Items listed in a dataset
───

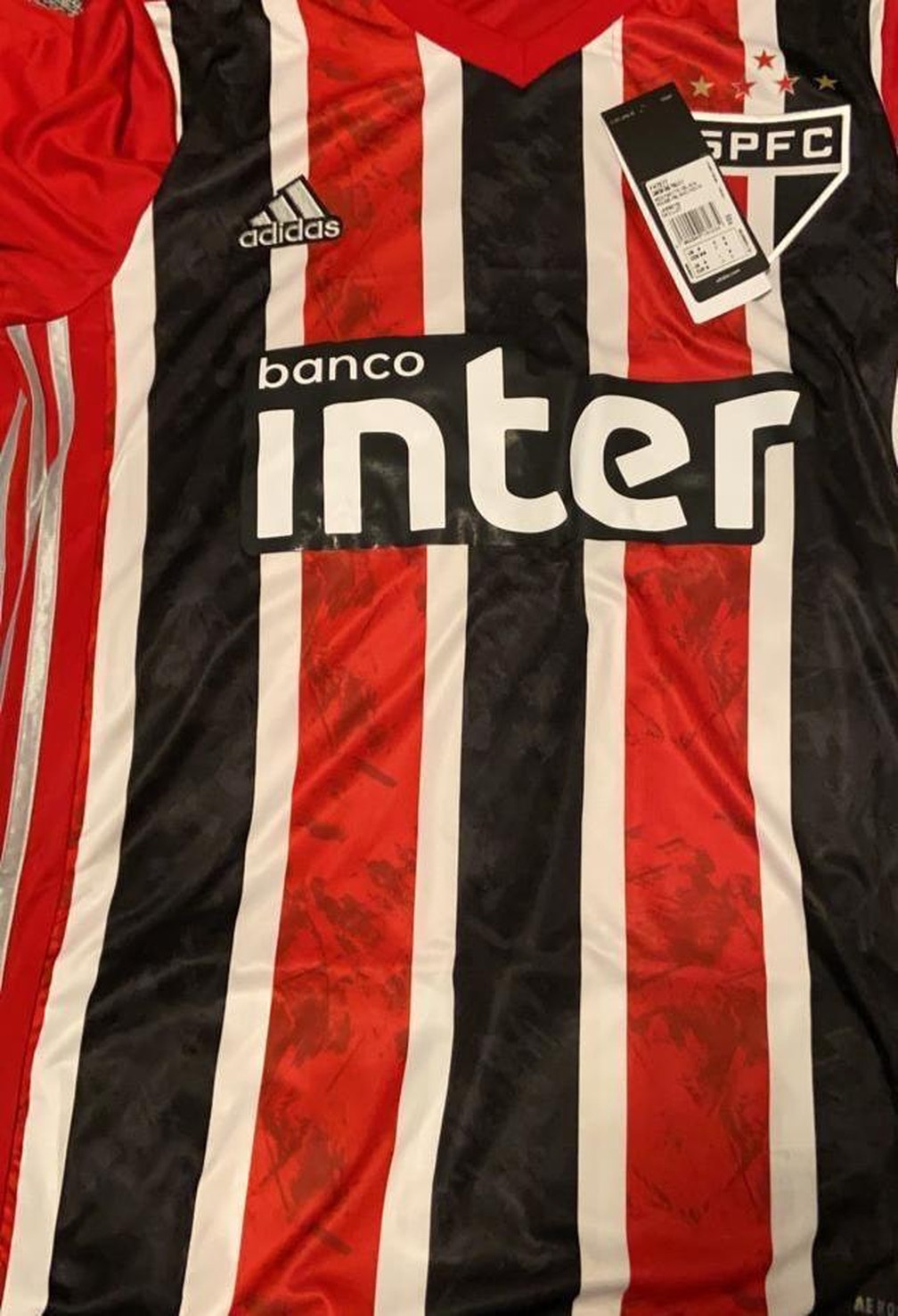 Nova camisa tricolor do São Paulo — Foto: Reprodução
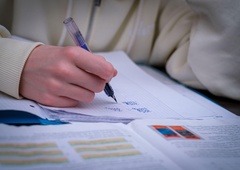 Delež učencev, ki ostajajo doma zaradi nasprotovanja staršev ukrepom, veliko nižji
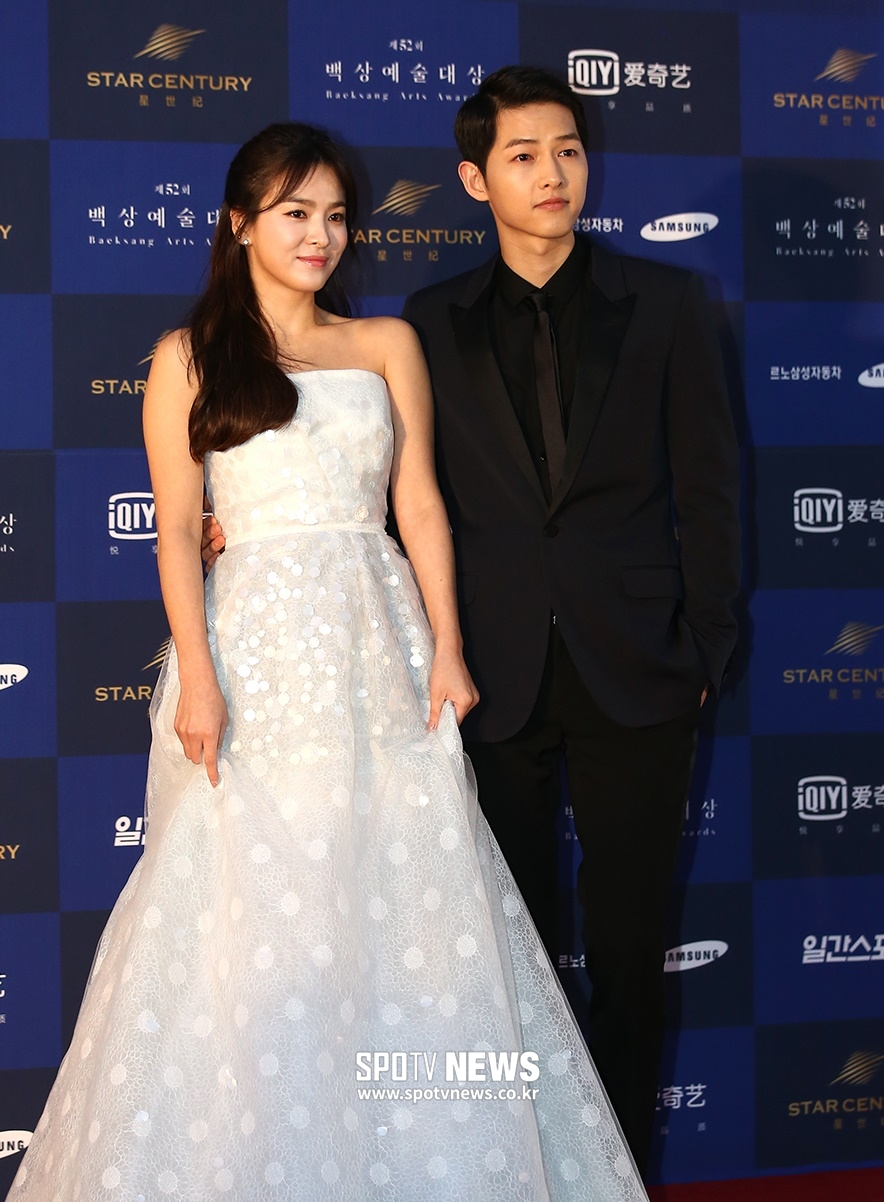Song Joong-ki, 34 - Song Hye-kyo, 38, was crushed after a year and nine months of marriage.The 12th Household Court of the Seoul Family Court held a private meeting with Song Joong-ki and Song Hye-kyo at 10 am on the 22nd.This ended the legal divorce process and split the two into a complete south-south.The details of the divorce settlement between the two were not known. The Seoul Family Court asked for understanding, saying it could not inform the details.Song Hye-kyo agency UAA also announced the news of the divorce of the two.Today (22nd) the divorce of Actor Song Hye-kyo was established at the Seoul Family Court, they said. I will inform you that the mediation process has been completed by divorce without alimony and property division.Song Joong-ki - Song Hye-kyo, the ending of the two top-actor meetings Asia loves, was eventually a sad ending.The two men, who met as a descendant of the drama The Sun and developed into a lover, eventually married and got the modifier The Couple of the Century, Choices their own way in a year and eight months.And in about a month after the divorce settlement, the divorce of the two was established without any noise.Song Joong-ki filed for divorce settlement with the Seoul Family Court on the 26th through a legal representative.The two sides said they are in the process of smooth divorce settlement, and the two mens breakup was formulated.According to the legal system, divorce must be attended by the divorcee and it is troublesome as it must go through the period of consideration.However, there was speculation that top stars Song Joong-ki and Song Hye-kyo would have Choicessed Divorce Adjustment for a quicker and more comfortable breakup, as legal agents, not parties, could agree on the Cebu City matter over divorce and generally are faster handled than consensus divorces.Indeed, the divorce settlement of Song Joong-ki and Song Hye-kyo went very fast; both sides concluded the mediation process by divorce without alimony and property division.I agreed on a big framework of divorce, and there was no Cebu City matter to be coordinated differently, such as property division, so I became south with one adjustment.Song Joong-ki, Song Hye-kyo are struggling with their own work after the divorce announcement.Song Joong-ki is filming his next film, Win Riho (directed by Cho Sung-hee), while Song Hye-kyo continues its tenth day, attending events for cosmetics and watch brands.=
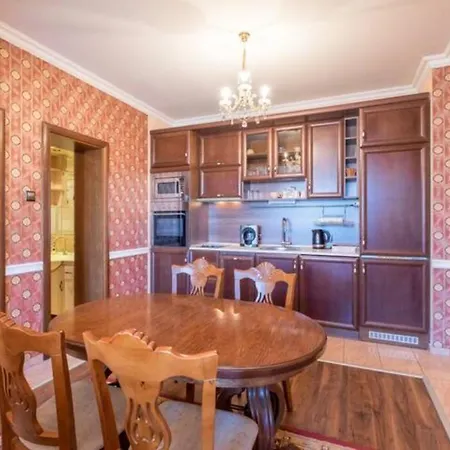 Luxury Baroque Interior In Perfect 1-bedroom Flat Apartment *
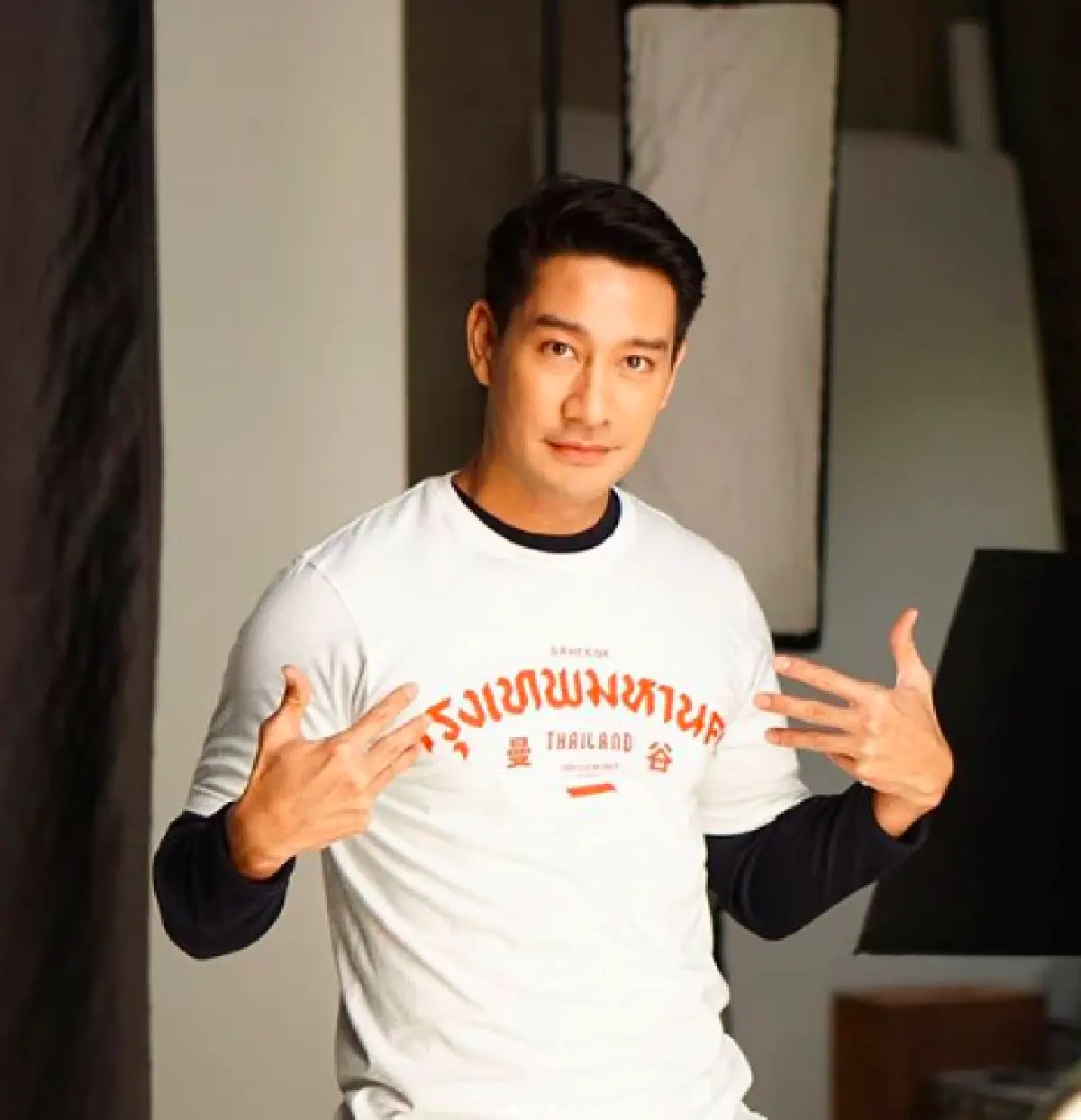 "ป้อง ณวัฒน์” วัย 41 ปี งานดีมาก! ถอดเสื้ออวดหุ่นล่ำมัดใจสาวๆ รับต้นปี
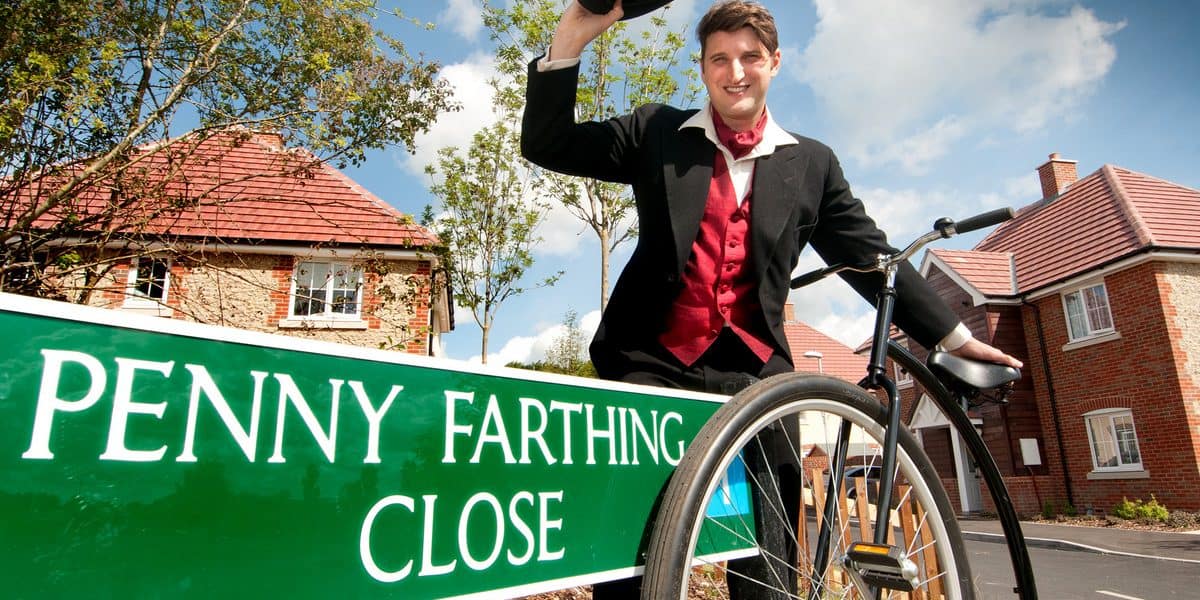 Victorian-themed magician for hire in the UK.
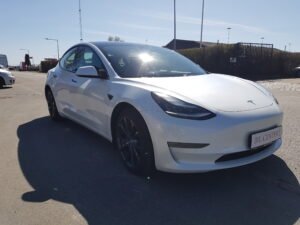 Tesla Model 3 Long Range AWD 4d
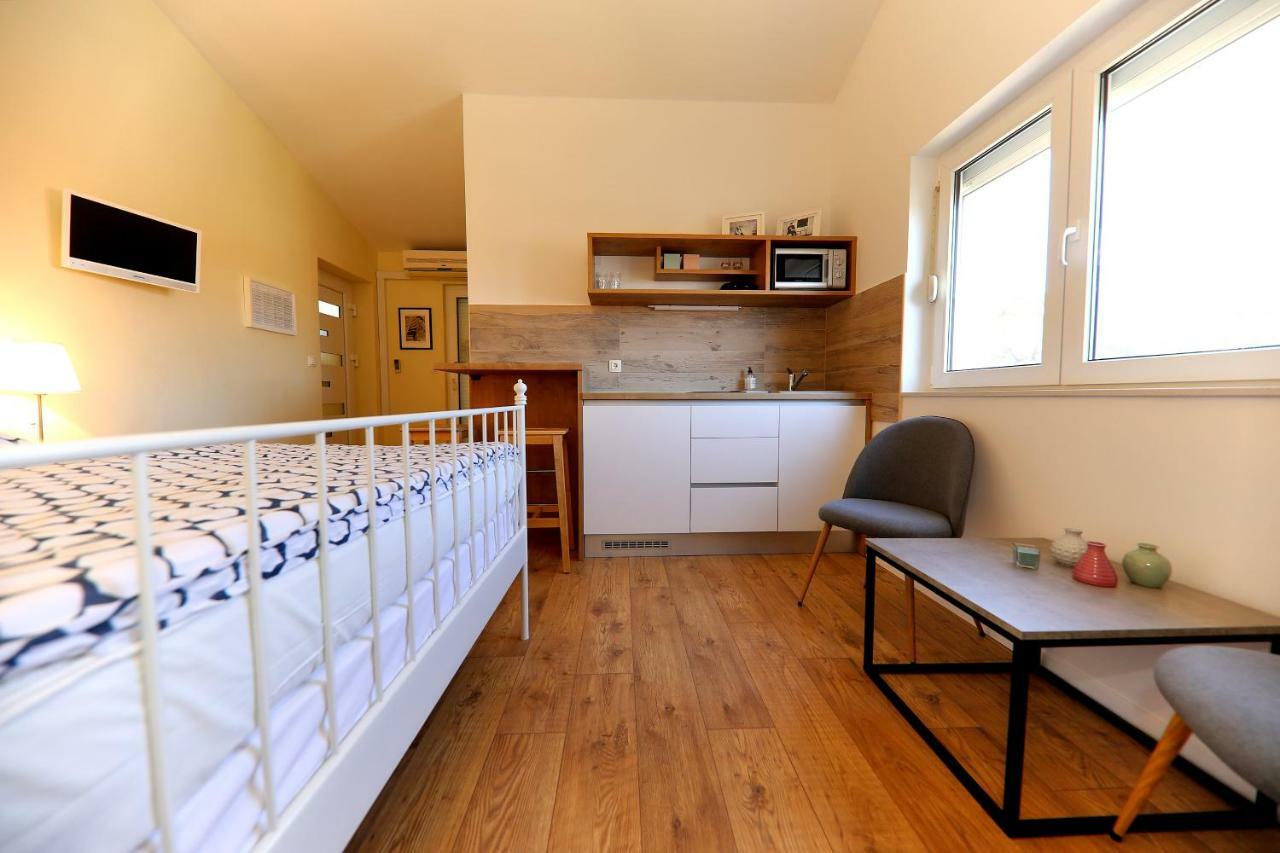 Apartments Meri-Puntamika Ζαντάρ Εξωτερικό φωτογραφία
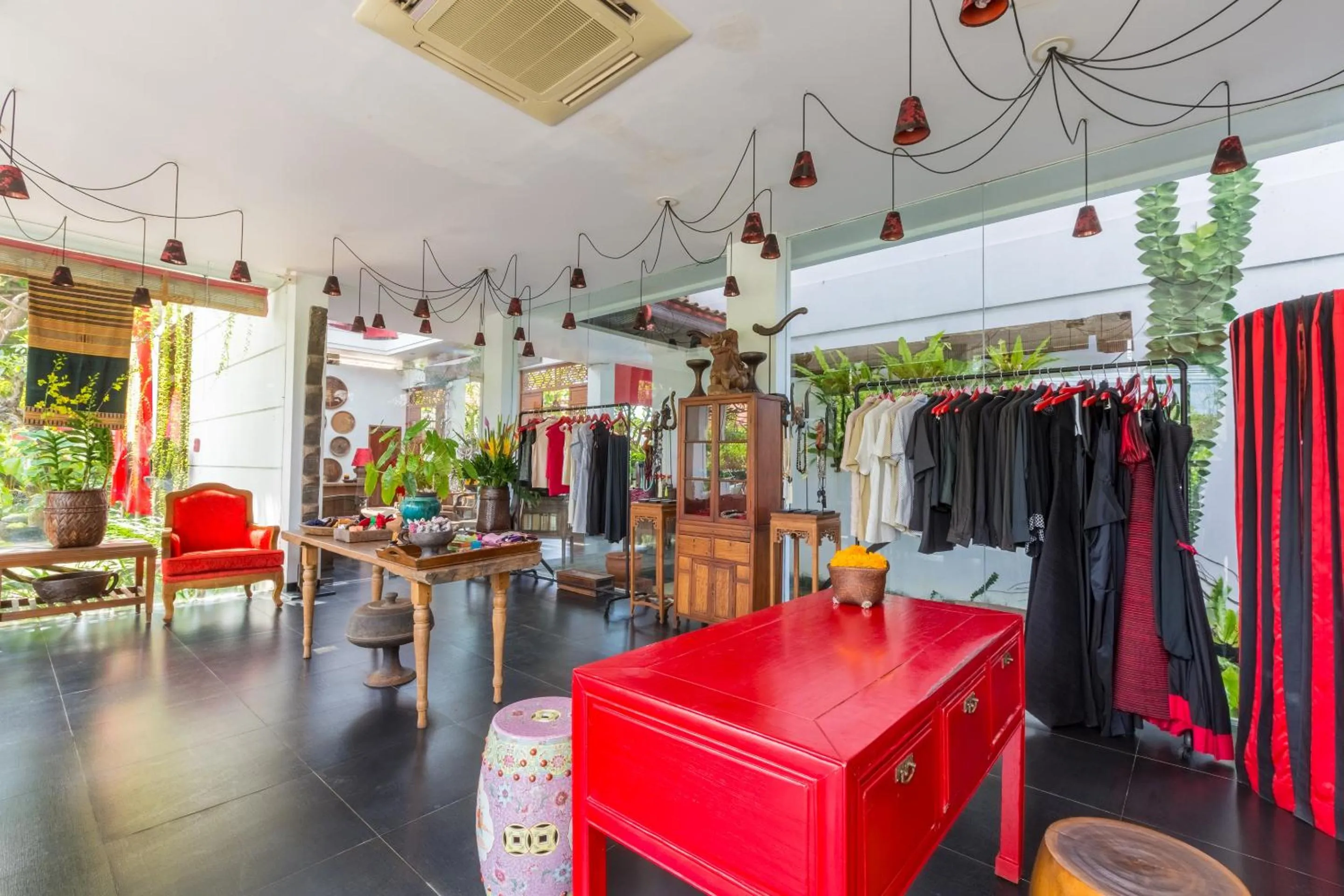 On-site shops in Kamar Kamar Boutique Hotel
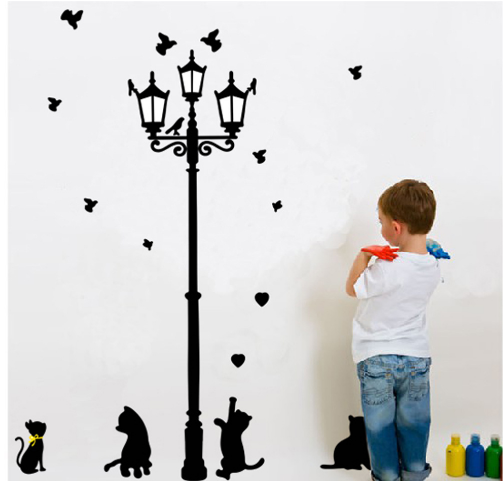 Cột đèn và mèo dạ quang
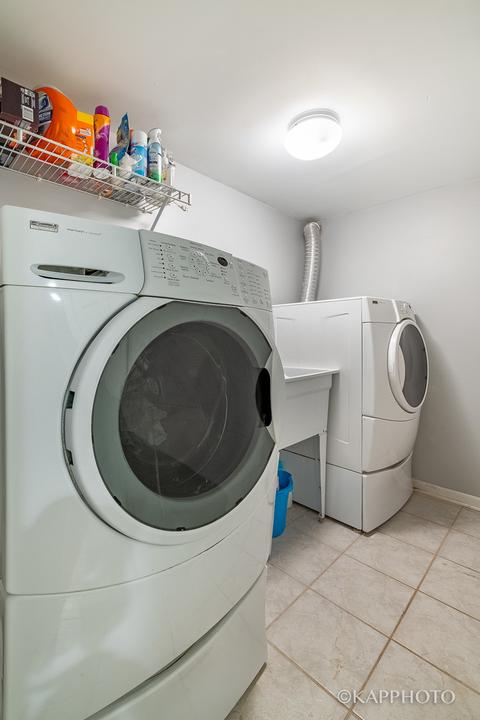 4150 S Berkeley Ave, Chicago, IL 60653 photo 21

───

What is needed —
In the records above, find the line that contains "On-site shops in Kamar Kamar Boutique Hotel". Retype it and every line after it, exactly, leaving out all pictures.

Solution for this task —
 On-site shops in Kamar Kamar Boutique Hotel
 Cột đèn và mèo dạ quang
 4150 S Berkeley Ave, Chicago, IL 60653 photo 21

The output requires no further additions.